Altitude are thrilled to share the UK trailer for Award-winning director Walter Salles’ acclaimed I’M STILL HERE, coming to UK and Irish cinemas from 21 February 2025.
Rio de Janeiro, early 1970s. Brazil faces the tightening grip of a military dictatorship. We are introduced to the Paivas: a father, Rubens, a mother, Eunice, and their five children. They live by the beach, in a rented house with doors constantly open to friends. The affection and humour they share among themselves are their own subtle forms of resistance to the oppression that hangs over the country. One day, they suffer a violent and arbitrary act that will forever change their lives. In the aftermath, Eunice is forced to reinvent herself and carve out a new future for herself and her children. The moving story of this family, based on Marcelo Rubens Paiva’s bestselling memoir, helped to reconstruct an important part of Brazil’s hidden history.

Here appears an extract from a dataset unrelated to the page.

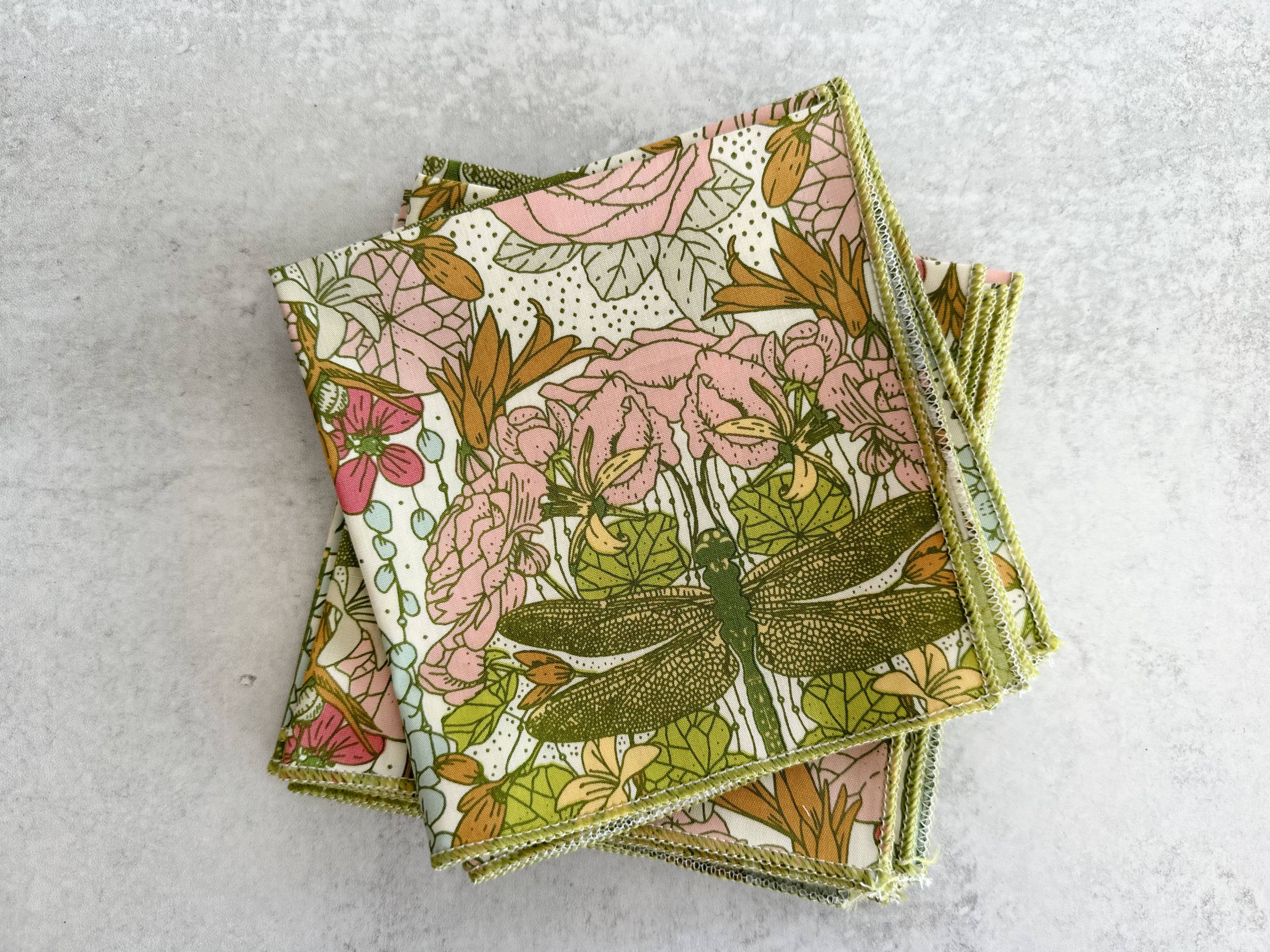 Dot and Army - Wholesale Dinner & cloth napkin - Dragonfly Garden Cloth Napkins, set of four0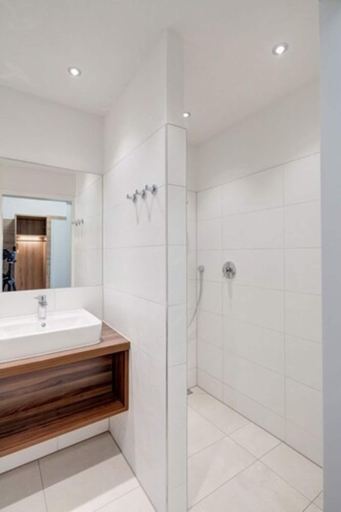 Bathroom 4, Landhotel Beck, Hohenlohekreis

I’M STILL HERE is Brazil’s official entry for International Film at this year’s Academy Awards and has been nominated for two Golden Globes, non-English Language Film and Best Actress (Drama) for Torres, Critics Choice Award for Best Foreign Language FIlm and won Best Screenplay at the Venice Film Festival.

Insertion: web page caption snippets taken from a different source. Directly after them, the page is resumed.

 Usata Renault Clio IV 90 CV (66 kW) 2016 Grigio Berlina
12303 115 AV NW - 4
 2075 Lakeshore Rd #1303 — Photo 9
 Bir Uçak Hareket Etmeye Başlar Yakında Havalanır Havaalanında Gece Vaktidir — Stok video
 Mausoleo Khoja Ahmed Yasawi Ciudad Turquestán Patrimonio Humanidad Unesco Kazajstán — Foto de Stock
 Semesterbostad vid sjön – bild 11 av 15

The film has been a remarkable box office success in its native Brazil. Since its cinema release last month the film has become the biggest Brazilian film of 2024 with over 2.6 million admissions and grossing over $9,000,000 (USD) so far, making it Walter Salles’ biggest movie ever in Brazil and captivating audiences across the country.
Directed by Walter Salles and starring Fernanda Torres, Selton Mello and Fernanda Montenegro, the film is written by Murilo Hauser and Heitor Lorega, based on the book by Marcelo Rubens Paiva. Producers are Maria Carlota Bruno, Rodrigo Teixeira and Martine de Clermont-Tonnerre. Executive Producers are Giulherme Terra, Thierry de Clermont-Tonnerre, Lourenço Sant’anna, Renata Brandão, Juliana Capelini, David Taghioff, Masha Magonova. I’M STILL HERE also features an original score by Warren Ellis.
Director Walter Salles said, “When I first read I’m Still Here by Marcelo Rubens Paiva, I was deeply moved. For the first time, the story of the desaparecidos, the people snatched from their lives by the Brazilian dictatorship, was being told from the perspective of those left behind. In the experience of one woman – Eunice Paiva, a mother of five – there was both the story of how to live through loss and a mirror of the wound left on a nation. It was also personal: I knew this family and was friends with the Paiva children. Their house remains etched in my memory. During the seven years we spent creating “I’m Still Here,” life in Brazil veered dangerously close to that past – which made it all the more urgent to tell this story.”